Former Commissioner of Public Safety Lew Benton Opposes Current Charter Change Proposal: Excellent Piece Exposes False Claim That New Charter Will Have Separation of Powers

[JK: I received this from Lew Benton who served as the Commissioner of Public Safety. ]

Thoughts of the Proposed Charter

Four years ago the City’s then Charter Revision Commission invited former council members to share their views on the form of government.  

Recently I stumbled upon the comments I made to that Commission.  They represent a rather harsh assessment of the commission form of government.  

Those comments included the following:

“As you know, the current Charter was presented to the community on September 4, 2001, was approved at referendum that year and became effective January 1, 2004.  As such, it postdates my years as commissioner but I note my membership on the Commission which prepared it.

“It did not change the form of our government but rather was designed to more definitively describe the role and function of council members and certain other City officials, promote greater efficiency in programs and services, prescribe a comprehensive budgeting process, promote openness, require periodic reviews of the Charter itself and other presumed essential plans and programs, etc.

“In essence it was an attempt to reform and modernize – not change – our form of government.
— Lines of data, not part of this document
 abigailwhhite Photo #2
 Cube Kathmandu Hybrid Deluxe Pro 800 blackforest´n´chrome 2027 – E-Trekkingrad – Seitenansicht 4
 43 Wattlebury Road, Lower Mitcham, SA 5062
In hindsight, attempting to reform major governmental functions without recognizing and addressing the barriers to reform was probably akin to putting new wine in old skins.”
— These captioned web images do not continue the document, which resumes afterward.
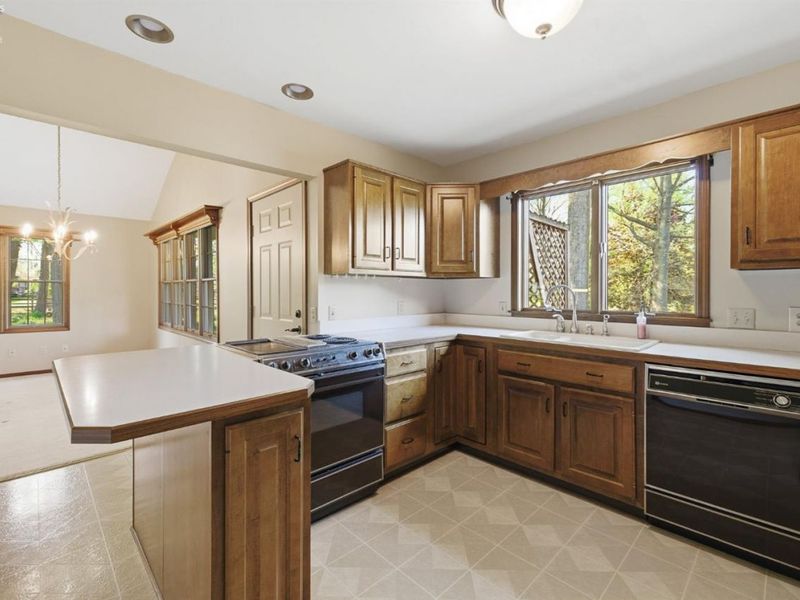 54 Harris Avenue, Norwalk, OH 44857 Photo 6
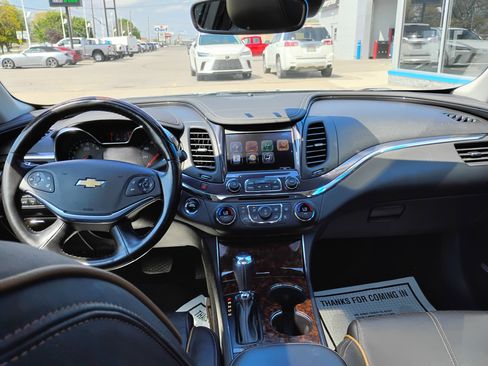 Used 2014 Chevrolet Impala LTZ FWD image 4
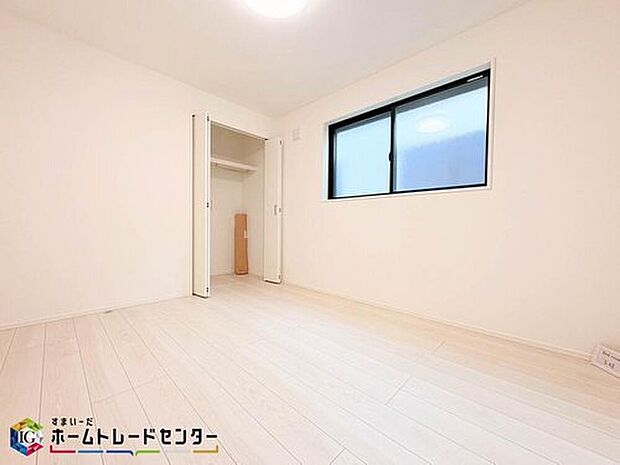 【リビング以外の居室】マンションと違い部屋数が多いのが戸建てのメリットです。ご家族が増えたことで手狭に感じていた住まいも戸建てでは各居室プライバシーを保つことができます。住まいにゆとりが生まれ心もリラックスできます♪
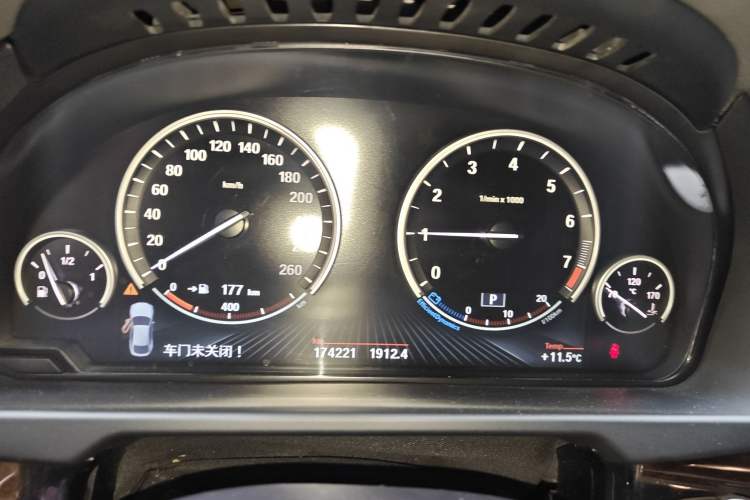 Used BMW X6 2015 xDrive28i Instrument Cluster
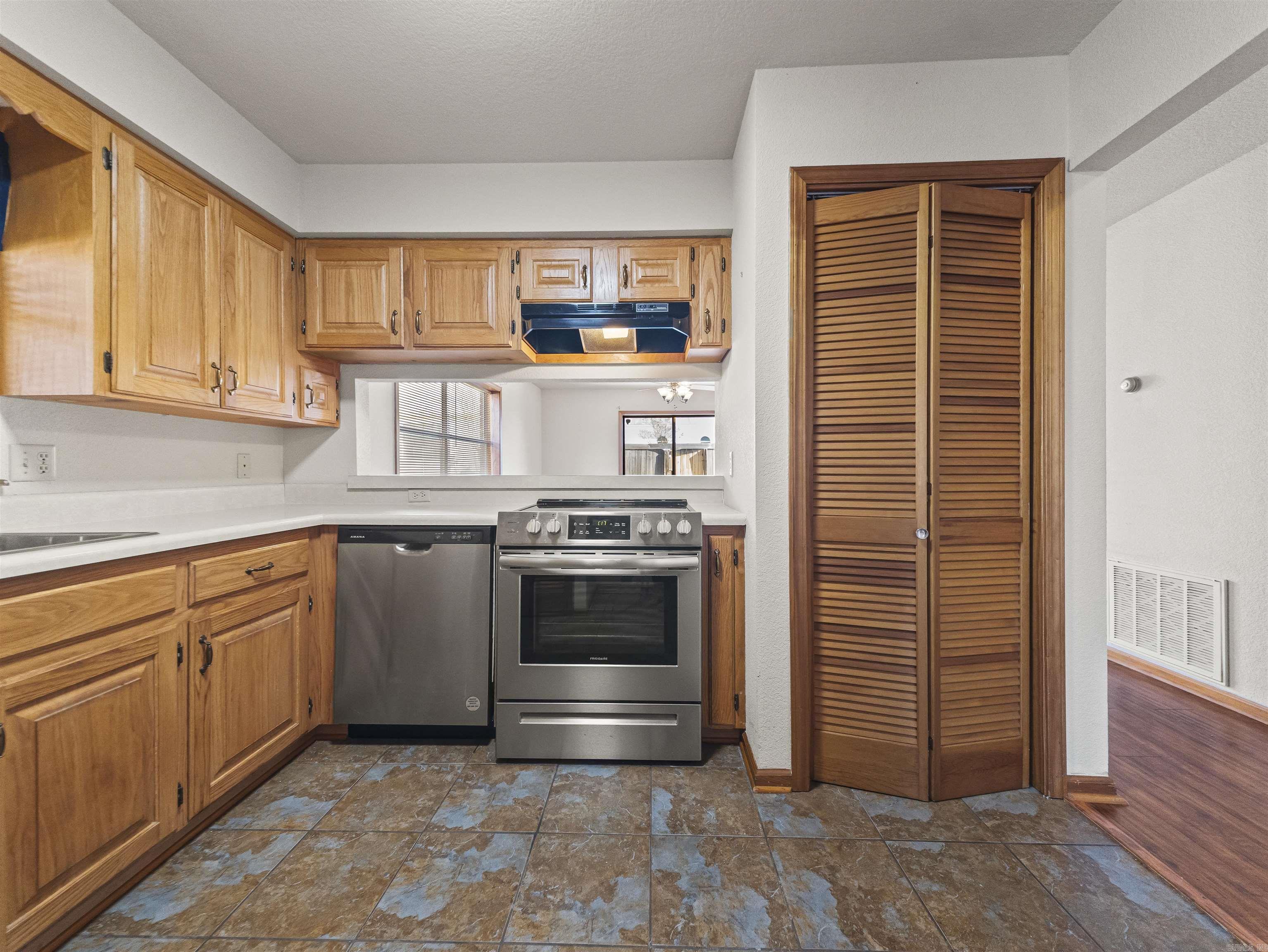 CHARMARY SQUARE HPR - Residential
“From my perspective as a former public safety commissioner, a life long member of the community and a member of the 2000 – 2001 Charter Review Commission, I believe the changes resulted in certain benefits to the public and improved the administration of some key  governmental functions (operating and capital budgeting for example).   But they did not and could not address the fundamental flaws in our commission form: i.e., there remains no separation of powers between the executive function and the legislative function; the inherent conflict between the dual roles of legislator and administrator/executive was not addressed; the form’s inbred parochialism further impedes the legislative function, hinders oversight, argues against economies of scale and promotes turf struggles; and the recognition that the commission form was designed for extreme crisis management, not governance of a progressive, stable and fiscally sound city such as ours.”

Then, as now, I favored a mayor/council form with the mayor serving as the chief executive officer and members of the council serving solely in a legislative and policy making capacity, a form that would finally allow for a system of checks and balances and the separation of powers.

But the current proposal fails to distinguish the legislative and executive functions. In the final analysis, its failure to separate powers only aggravates the conflicts found in the commission form.  It is difficult to understand why the authors did not separate the executive functions, particularly since they claim to have done so, but that failure alone negates the benefits of scraping the commission system.

 Proposed Charter Does Not Separate Powers or Establish Checks and Balances

Many of those supporting the proposed charter cite separation of powers as its primary attribute.  And the proposal’s stated purpose (see Article I, Sec. 1.01) is to “…  provide for the separation and balance of legislative and executive functions and responsibilities in order to promote clarity, efficiency and responsibility within City government.”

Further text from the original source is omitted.